それではこの二種類の偏のどちらを使用しても表すことができる「餠」。
手書きした場合に正誤の違いがあるのかないのか。これは疑問ですよね。
でも実はこれもまた、どちらでも正解なのです。
今度は文化庁の公式ホームページ、「国語施策・日本語教育」の中にある「国語施策情報」の「常用漢字表」を確認してみました。
(https://www.bunka.go.jp/kokugo_nihongo/sisaku/joho/joho/kijun/naikaku/pdf/joyokanjihyo_20101130.pdf)
こちらで見ると、基本の文字が、食偏の「食」の下が横棒二本だということがわかります。ですからこちらが「正しい文字」ということになります。
そしてその隣に[ ]書きで「食」の字のままの食偏の文字もあります。
これは、もとは手書きの楷書の場合と、そして明朝体で印刷したときの場合に違いがあったということ。
でも、印刷された形をそのままに手書きしてもいいのですよ。ということです。だから「許容」字体とされています。
ですので、手書きの場合も、どちらでも問題はないということになっています。
ですからこちらもまた、「正しい文字」に準ずる書き方ということで、テストなどでも基本的に正解として扱われます。
「餅」という漢字の右側も「餠」ちょっと違う漢字もありますが…
先ほどは「餠」の左側の「偏」についてお話しました。
しかし右側の「旁」の部分にも違いがみられることがあります。
「餅」という漢字の右側の「并」という部分が、縦に二つに分かれている「餠」という漢字もあるのです。
これは旧字体と新字体の違いです。
だからこれもまた、どちらをとっても文字としては正しいのです。
実際に、先ほど出してみた「常用漢字表」にもやはり( )内ですが、「餠」はあります。
ですからこれを、例えば公用の文書に使っても差し支えないということですね。
ただし、さきほどの場合とちょっと違うところもあります。
偏の場合はテストの採点にはまずかかわりがなく、どちらもたいてい正解として扱われます。
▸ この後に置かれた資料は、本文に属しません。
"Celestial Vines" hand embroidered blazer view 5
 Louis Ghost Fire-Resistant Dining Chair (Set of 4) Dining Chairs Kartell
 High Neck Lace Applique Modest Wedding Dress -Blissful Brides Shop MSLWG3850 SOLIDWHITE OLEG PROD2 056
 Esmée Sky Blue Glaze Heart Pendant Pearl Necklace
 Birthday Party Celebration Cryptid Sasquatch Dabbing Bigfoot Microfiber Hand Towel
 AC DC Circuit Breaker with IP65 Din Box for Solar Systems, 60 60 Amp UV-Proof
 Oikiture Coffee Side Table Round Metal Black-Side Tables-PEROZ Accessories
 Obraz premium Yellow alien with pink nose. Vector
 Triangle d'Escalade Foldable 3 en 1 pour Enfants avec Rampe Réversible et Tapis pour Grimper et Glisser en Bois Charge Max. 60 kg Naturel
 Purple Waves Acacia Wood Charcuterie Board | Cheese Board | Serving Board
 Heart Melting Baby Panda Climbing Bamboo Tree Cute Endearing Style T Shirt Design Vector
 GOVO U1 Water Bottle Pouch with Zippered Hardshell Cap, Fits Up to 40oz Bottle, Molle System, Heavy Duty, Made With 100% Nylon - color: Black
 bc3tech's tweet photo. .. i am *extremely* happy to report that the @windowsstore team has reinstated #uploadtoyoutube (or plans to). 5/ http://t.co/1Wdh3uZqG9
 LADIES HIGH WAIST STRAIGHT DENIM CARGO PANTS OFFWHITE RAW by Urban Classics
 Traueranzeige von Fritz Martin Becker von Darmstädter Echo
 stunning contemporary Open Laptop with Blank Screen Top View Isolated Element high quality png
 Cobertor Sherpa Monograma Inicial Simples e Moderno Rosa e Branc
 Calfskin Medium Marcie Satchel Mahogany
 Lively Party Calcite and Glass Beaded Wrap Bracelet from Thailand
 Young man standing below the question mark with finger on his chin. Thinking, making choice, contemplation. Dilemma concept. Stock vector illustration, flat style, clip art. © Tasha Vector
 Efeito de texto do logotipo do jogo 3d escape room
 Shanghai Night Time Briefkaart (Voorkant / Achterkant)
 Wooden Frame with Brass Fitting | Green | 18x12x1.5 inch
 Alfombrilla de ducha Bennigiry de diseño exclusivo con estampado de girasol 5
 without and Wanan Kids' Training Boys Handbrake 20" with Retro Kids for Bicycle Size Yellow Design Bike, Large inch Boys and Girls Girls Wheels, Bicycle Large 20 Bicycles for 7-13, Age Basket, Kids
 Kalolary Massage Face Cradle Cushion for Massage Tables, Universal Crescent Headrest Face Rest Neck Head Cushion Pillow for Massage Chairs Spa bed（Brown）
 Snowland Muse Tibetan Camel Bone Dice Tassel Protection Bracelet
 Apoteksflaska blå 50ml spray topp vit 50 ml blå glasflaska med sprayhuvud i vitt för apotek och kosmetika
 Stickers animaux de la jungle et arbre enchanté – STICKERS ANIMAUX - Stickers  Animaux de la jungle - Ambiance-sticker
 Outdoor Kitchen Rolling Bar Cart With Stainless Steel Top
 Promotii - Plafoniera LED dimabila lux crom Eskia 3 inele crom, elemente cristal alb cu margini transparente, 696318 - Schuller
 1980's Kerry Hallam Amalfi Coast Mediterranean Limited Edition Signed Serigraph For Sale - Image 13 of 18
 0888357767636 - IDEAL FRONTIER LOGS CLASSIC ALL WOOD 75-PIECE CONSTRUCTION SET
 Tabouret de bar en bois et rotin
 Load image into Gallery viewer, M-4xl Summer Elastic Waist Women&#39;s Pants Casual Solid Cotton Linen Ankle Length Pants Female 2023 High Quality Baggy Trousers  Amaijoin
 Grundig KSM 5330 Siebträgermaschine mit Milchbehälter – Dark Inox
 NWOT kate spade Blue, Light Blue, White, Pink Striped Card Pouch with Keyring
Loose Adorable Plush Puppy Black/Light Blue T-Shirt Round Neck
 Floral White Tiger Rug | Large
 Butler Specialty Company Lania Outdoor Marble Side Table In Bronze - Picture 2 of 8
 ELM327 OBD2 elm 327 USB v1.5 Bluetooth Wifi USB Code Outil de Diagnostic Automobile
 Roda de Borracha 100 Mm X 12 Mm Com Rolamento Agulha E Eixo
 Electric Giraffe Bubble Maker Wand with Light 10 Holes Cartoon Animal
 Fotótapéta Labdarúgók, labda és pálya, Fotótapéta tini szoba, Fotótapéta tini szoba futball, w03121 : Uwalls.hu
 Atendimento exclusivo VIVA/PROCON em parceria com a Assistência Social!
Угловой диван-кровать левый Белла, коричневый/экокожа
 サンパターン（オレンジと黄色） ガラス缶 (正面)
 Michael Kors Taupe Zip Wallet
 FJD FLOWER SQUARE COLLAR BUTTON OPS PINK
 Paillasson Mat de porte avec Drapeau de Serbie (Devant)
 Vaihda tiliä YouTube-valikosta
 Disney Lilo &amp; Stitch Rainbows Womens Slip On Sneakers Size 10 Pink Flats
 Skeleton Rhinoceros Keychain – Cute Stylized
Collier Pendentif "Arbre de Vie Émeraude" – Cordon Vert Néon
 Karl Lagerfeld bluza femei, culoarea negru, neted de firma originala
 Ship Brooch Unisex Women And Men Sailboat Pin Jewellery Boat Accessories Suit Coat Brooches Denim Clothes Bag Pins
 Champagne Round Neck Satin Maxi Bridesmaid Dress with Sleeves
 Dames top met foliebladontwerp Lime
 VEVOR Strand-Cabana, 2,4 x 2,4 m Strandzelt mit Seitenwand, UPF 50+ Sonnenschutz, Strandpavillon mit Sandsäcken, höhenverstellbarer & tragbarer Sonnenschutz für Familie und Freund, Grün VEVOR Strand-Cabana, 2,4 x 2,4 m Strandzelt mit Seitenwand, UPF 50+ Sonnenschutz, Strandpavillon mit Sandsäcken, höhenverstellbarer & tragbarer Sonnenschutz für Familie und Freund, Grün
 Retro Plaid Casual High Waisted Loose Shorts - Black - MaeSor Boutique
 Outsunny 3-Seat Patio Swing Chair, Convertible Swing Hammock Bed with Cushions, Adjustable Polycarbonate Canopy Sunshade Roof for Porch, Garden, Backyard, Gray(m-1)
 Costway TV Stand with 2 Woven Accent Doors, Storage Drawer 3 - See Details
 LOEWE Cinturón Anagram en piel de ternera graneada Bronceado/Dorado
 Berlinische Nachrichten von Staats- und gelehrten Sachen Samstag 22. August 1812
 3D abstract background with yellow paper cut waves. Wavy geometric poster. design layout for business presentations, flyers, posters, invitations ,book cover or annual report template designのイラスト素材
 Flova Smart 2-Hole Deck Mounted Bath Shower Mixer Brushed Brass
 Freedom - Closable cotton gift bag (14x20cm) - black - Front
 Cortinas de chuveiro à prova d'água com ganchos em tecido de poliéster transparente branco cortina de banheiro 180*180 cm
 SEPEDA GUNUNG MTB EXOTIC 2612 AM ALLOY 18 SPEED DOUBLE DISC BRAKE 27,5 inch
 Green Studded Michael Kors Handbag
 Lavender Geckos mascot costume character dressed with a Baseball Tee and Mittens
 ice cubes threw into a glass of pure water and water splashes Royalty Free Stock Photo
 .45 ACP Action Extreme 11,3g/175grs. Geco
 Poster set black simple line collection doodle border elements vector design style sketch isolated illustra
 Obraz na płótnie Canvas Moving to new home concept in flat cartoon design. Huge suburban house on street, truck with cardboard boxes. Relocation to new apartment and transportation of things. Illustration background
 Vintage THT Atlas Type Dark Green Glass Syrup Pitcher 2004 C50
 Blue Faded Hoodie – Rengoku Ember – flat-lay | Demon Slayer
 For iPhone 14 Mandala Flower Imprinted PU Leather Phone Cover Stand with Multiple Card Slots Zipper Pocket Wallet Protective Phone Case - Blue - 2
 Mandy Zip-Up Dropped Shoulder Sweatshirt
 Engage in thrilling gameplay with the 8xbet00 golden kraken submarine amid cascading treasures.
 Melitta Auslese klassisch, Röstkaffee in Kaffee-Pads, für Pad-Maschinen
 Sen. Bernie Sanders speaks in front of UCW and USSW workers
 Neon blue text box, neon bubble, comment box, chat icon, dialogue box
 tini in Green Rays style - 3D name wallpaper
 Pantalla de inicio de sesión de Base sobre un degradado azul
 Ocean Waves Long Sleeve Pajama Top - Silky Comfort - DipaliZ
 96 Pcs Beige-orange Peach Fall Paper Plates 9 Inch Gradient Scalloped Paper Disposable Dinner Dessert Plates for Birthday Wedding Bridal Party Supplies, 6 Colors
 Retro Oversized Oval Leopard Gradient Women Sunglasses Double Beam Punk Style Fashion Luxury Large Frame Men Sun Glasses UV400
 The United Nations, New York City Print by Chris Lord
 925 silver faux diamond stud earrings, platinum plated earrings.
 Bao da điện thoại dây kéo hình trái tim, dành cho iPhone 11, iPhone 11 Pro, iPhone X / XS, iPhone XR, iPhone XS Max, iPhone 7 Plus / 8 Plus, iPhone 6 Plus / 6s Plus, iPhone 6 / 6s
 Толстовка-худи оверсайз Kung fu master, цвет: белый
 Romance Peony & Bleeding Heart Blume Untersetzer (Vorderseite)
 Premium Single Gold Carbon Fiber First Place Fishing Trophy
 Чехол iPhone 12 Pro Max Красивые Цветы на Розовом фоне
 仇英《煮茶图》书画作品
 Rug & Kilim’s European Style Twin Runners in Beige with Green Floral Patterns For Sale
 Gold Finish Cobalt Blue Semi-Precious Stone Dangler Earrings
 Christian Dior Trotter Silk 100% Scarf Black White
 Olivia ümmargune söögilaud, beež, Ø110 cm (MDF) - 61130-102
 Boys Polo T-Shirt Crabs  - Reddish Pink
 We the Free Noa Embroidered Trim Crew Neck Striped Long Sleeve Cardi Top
しかしこちらの場合は、「誤り」とされることがありますので、注意しなければなりません。
確認したところ、「日本漢字能力検定」の採点基準では、「旧字体での解答は正答とは認めない」とされているのです。
これはおそらくですが、文化庁の指針がもとになっていると考えられます。
樂ではなく楽、學ではなく学、というように、現代の一般的社会においてもっとも広く用いられていて、さらに今後も広く用いられてゆく文字を、いわばその文字の代表として使おう。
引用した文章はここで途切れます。